_EXERCISE GOAL_:
Set the pictures aside and set down only the lines from the line holding "Phân tích kỹ lưỡng phong độ từng chiến kê" through the end of the entries below, ends included.

___

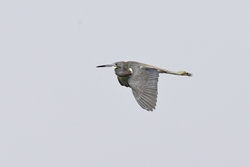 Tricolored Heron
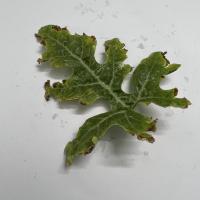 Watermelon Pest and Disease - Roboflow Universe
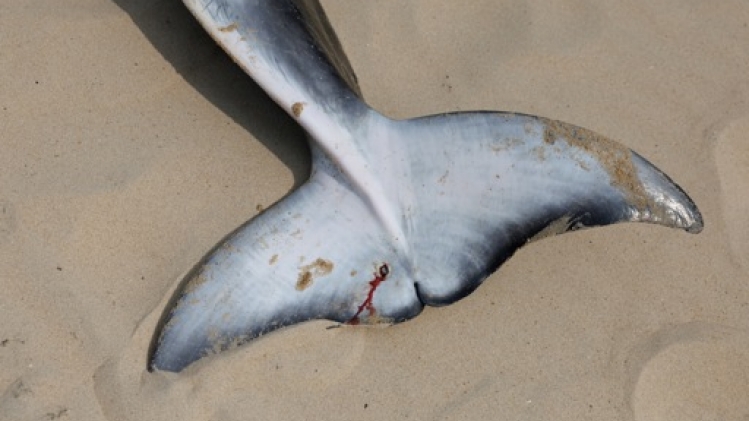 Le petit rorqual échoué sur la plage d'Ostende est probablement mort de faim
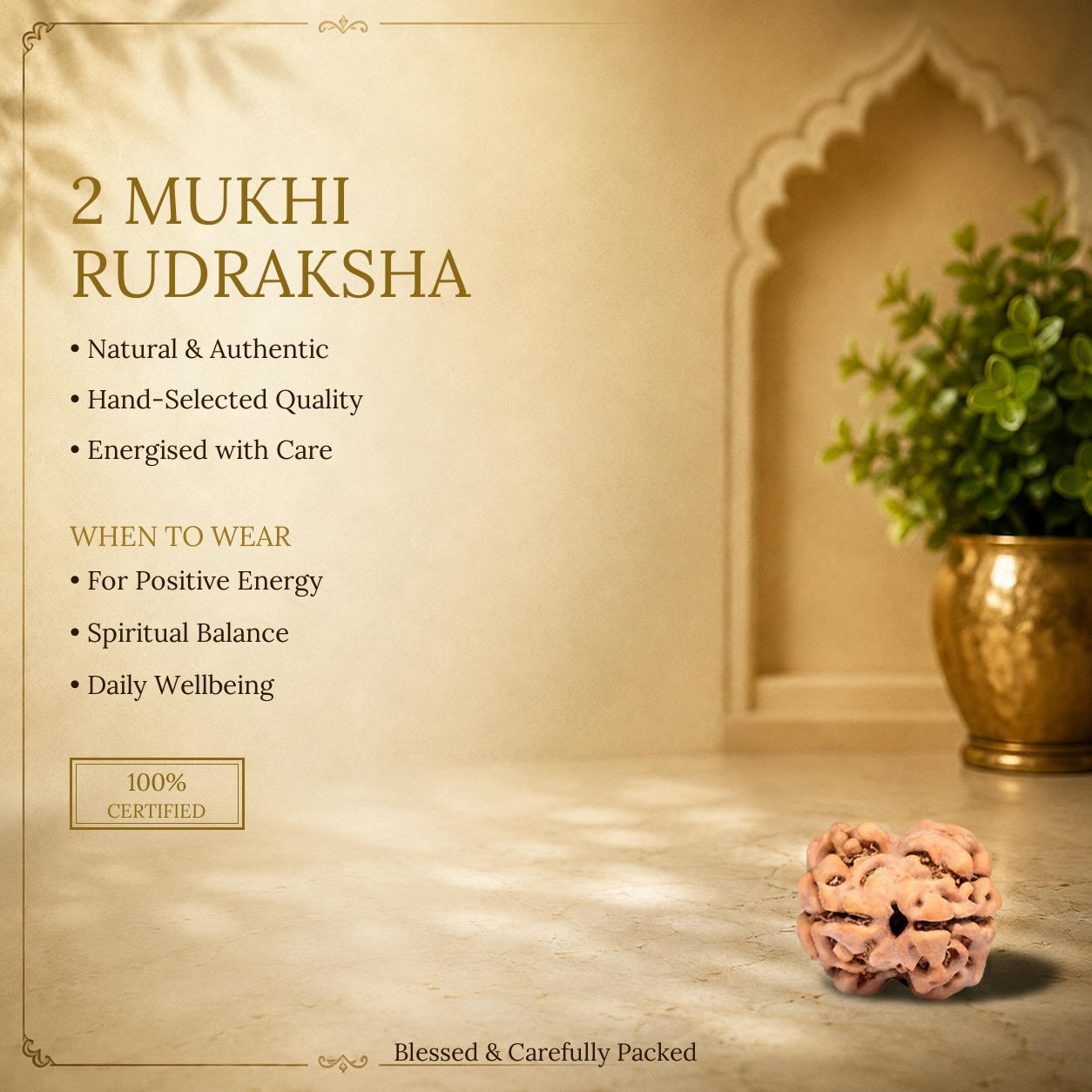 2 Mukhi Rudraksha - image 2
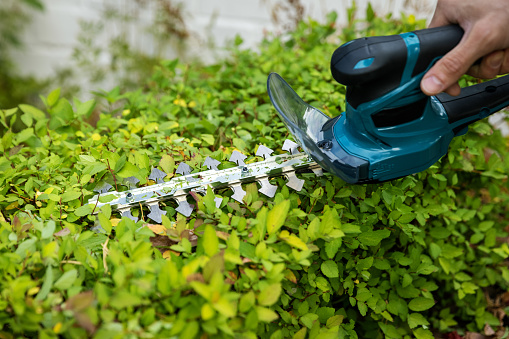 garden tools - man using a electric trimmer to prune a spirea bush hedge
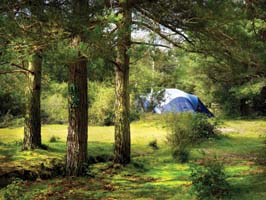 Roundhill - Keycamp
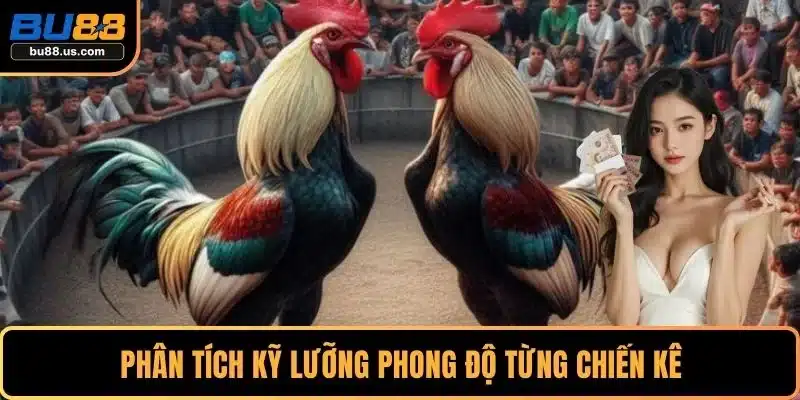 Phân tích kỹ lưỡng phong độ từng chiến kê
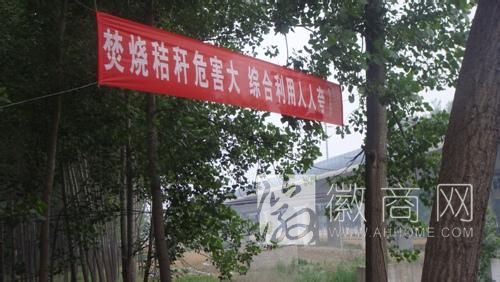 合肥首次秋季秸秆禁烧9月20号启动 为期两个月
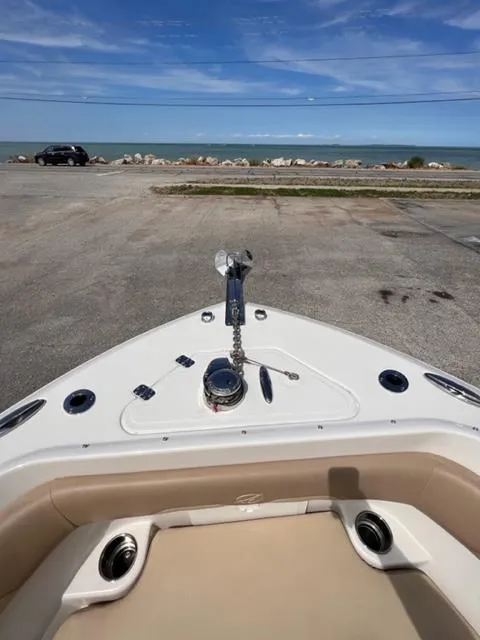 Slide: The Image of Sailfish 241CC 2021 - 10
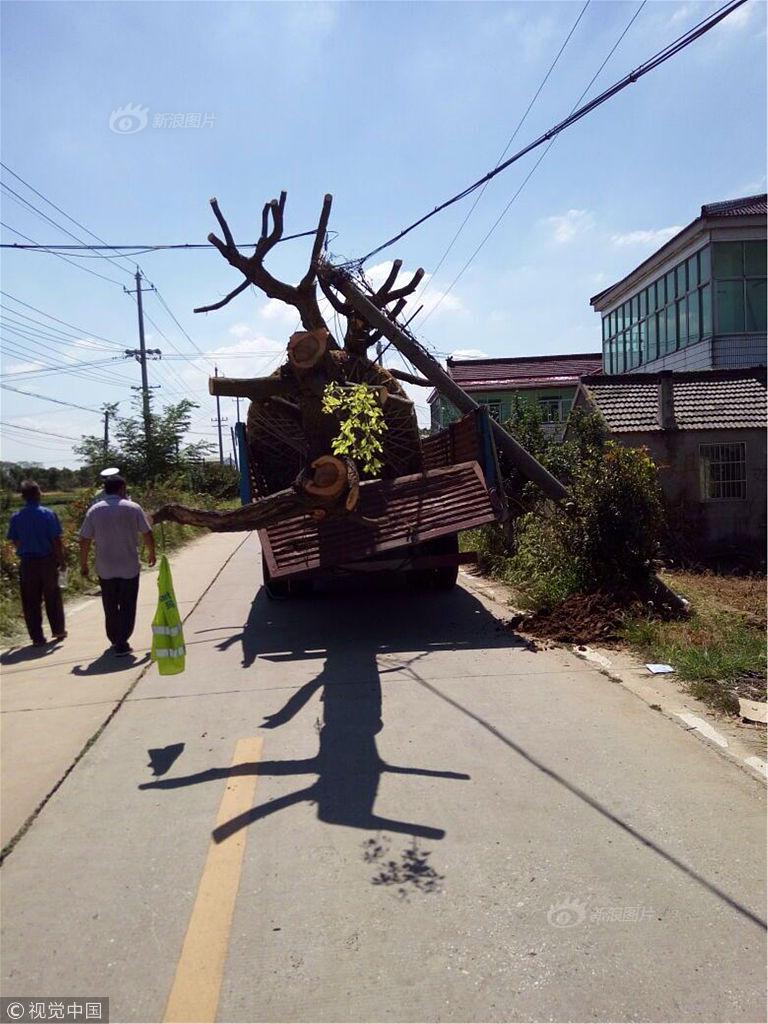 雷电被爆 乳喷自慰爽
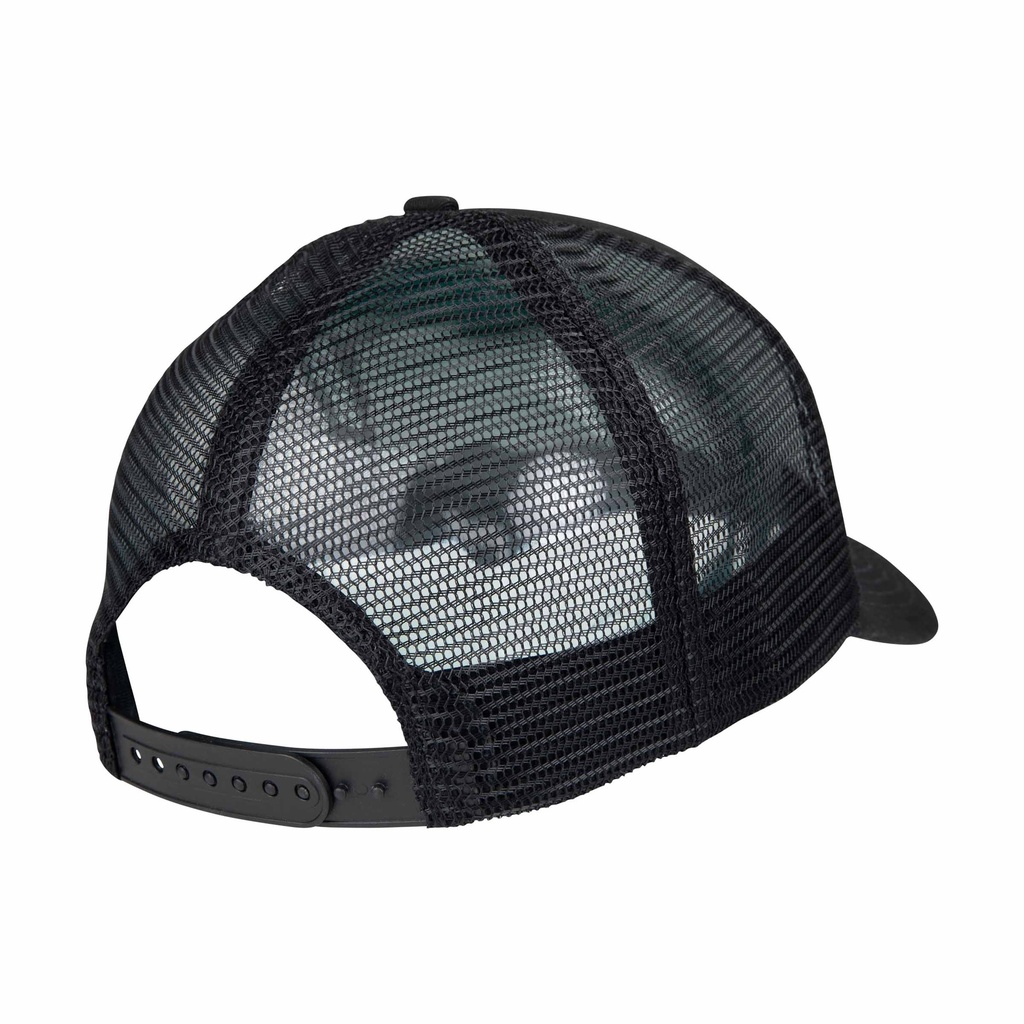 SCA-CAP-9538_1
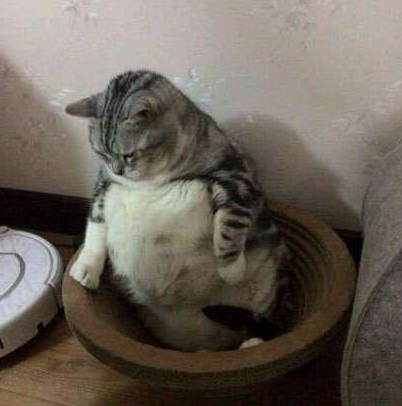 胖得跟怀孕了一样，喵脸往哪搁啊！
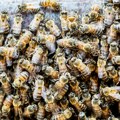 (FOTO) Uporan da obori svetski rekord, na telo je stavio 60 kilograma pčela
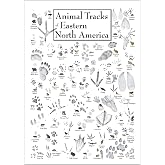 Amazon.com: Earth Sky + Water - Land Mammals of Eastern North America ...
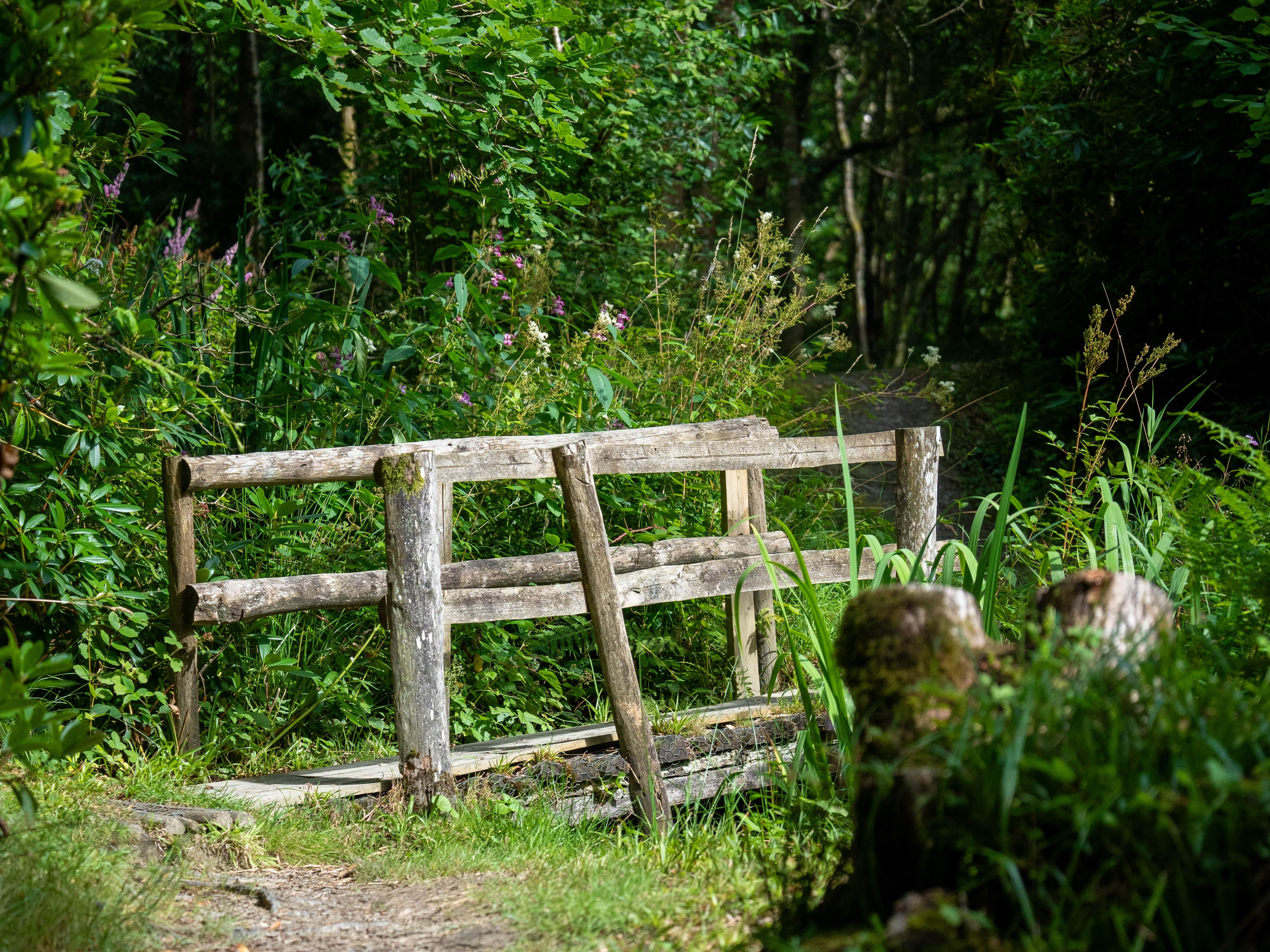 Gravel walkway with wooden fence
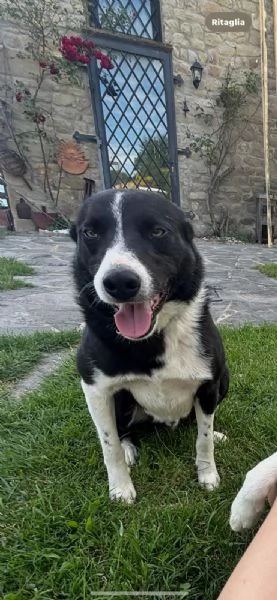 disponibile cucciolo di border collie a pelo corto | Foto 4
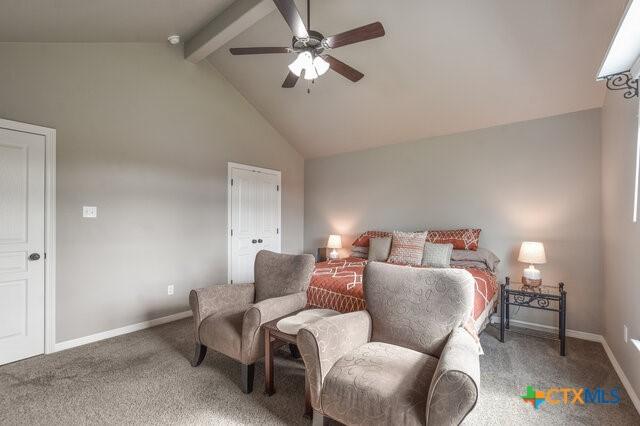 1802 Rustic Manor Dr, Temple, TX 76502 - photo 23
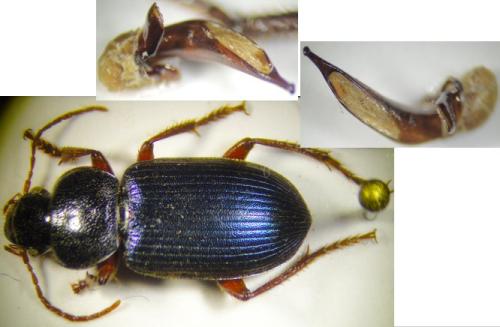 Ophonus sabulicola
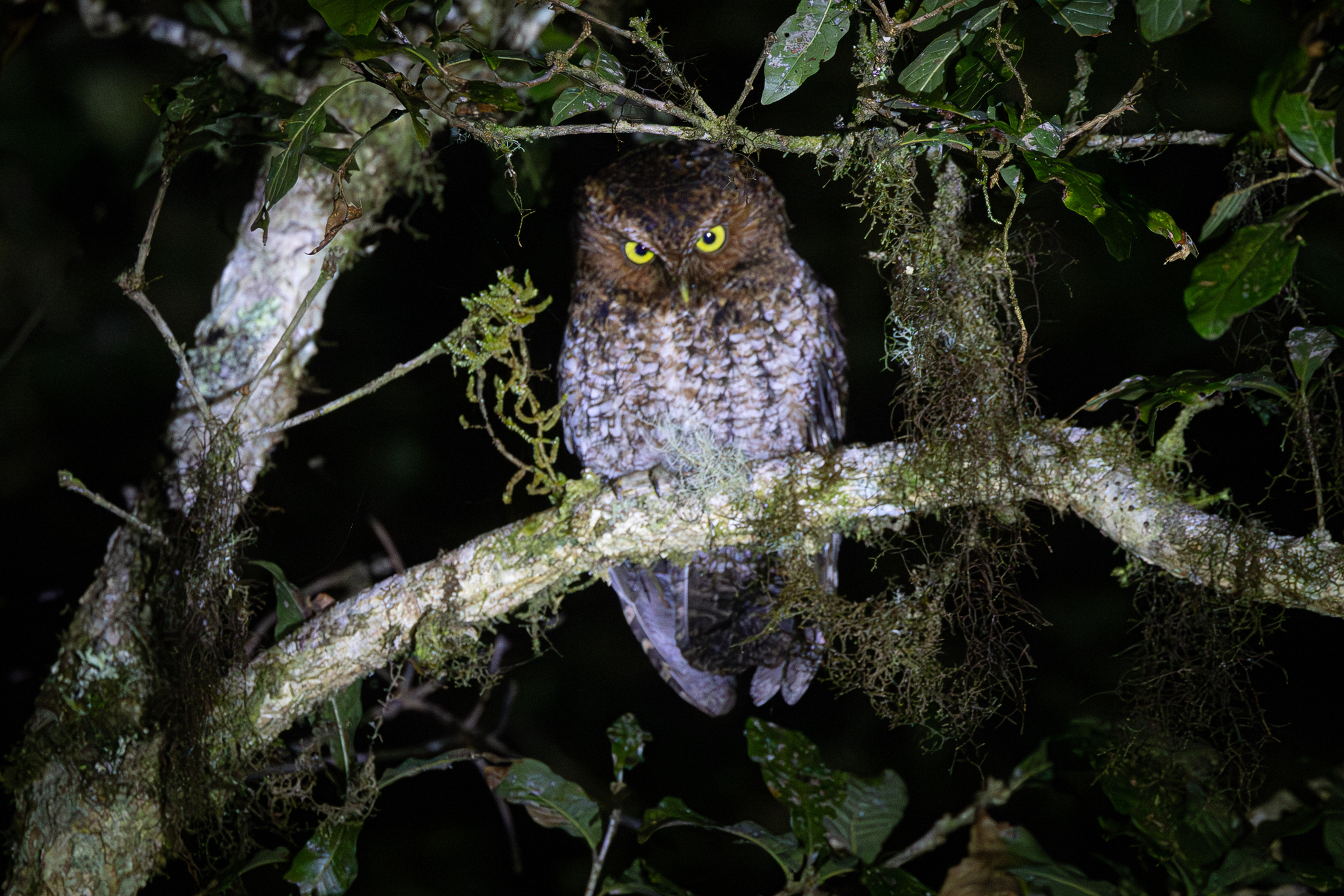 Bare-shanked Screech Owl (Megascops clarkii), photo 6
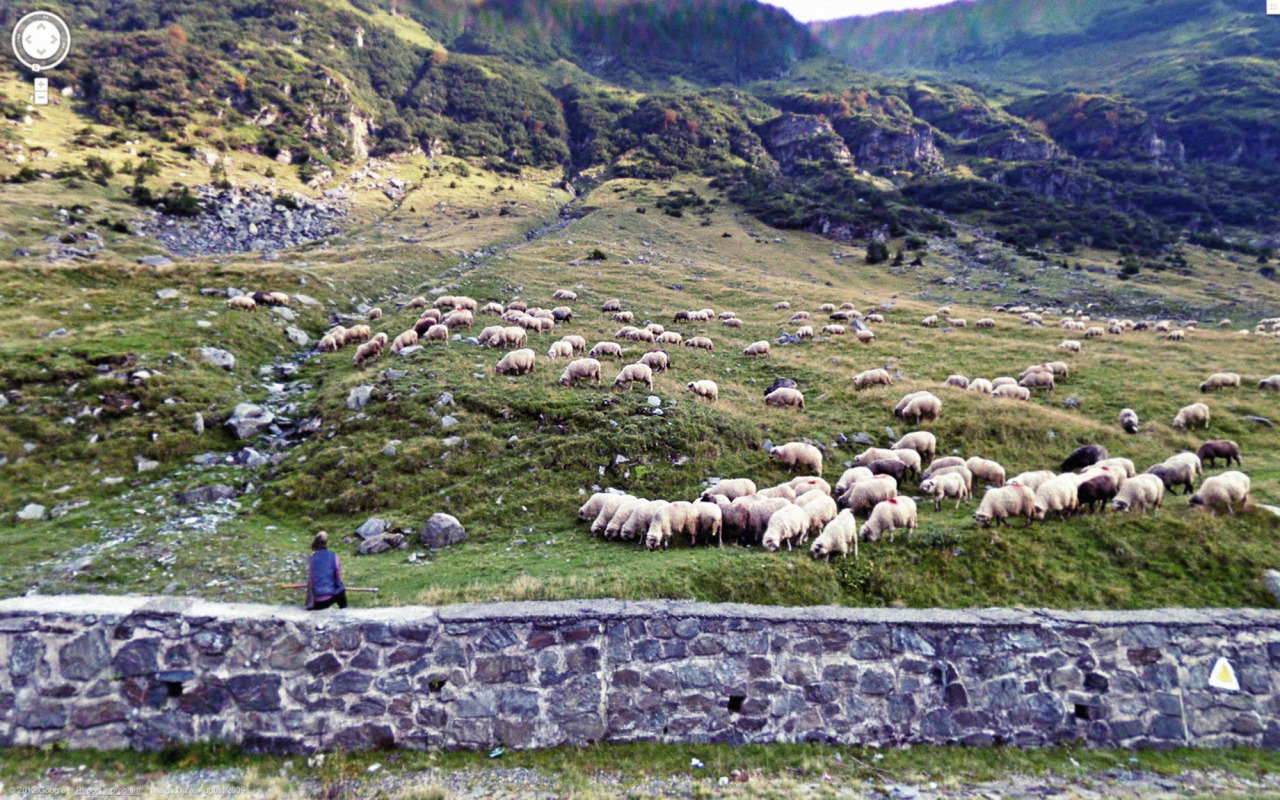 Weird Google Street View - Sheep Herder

___

_REPLY_:
 Phân tích kỹ lưỡng phong độ từng chiến kê
 合肥首次秋季秸秆禁烧9月20号启动 为期两个月
 Slide: The Image of Sailfish 241CC 2021 - 10
 雷电被爆 乳喷自慰爽
 SCA-CAP-9538_1
 胖得跟怀孕了一样，喵脸往哪搁啊！
 (FOTO) Uporan da obori svetski rekord, na telo je stavio 60 kilograma pčela
 Amazon.com: Earth Sky + Water - Land Mammals of Eastern North America ...
 Gravel walkway with wooden fence
 disponibile cucciolo di border collie a pelo corto | Foto 4
 1802 Rustic Manor Dr, Temple, TX 76502 - photo 23
 Ophonus sabulicola
 Bare-shanked Screech Owl (Megascops clarkii), photo 6
 Weird Google Street View - Sheep Herder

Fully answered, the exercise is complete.